▸ Your objective
Go through the data and copy each line where the word "Picture" shows up.

Saved data entries:
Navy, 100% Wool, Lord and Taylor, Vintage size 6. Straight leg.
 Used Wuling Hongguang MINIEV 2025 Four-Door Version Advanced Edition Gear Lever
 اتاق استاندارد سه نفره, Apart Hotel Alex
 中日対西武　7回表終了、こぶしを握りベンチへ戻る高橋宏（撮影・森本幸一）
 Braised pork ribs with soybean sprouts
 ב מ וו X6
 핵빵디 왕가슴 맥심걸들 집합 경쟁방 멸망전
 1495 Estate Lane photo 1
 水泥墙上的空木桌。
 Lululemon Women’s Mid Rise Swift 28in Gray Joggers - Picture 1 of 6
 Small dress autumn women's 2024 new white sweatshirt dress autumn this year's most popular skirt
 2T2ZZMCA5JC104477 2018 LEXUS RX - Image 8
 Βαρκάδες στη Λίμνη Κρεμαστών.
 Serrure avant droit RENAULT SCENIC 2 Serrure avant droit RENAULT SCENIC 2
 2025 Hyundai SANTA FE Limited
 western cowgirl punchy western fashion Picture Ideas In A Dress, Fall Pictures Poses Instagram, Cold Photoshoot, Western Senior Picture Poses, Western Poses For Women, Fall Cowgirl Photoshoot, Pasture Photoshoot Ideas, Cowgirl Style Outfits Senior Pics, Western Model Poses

▸ Exercise solution
 Lululemon Women’s Mid Rise Swift 28in Gray Joggers - Picture 1 of 6
 western cowgirl punchy western fashion Picture Ideas In A Dress, Fall Pictures Poses Instagram, Cold Photoshoot, Western Senior Picture Poses, Western Poses For Women, Fall Cowgirl Photoshoot, Pasture Photoshoot Ideas, Cowgirl Style Outfits Senior Pics, Western Model Poses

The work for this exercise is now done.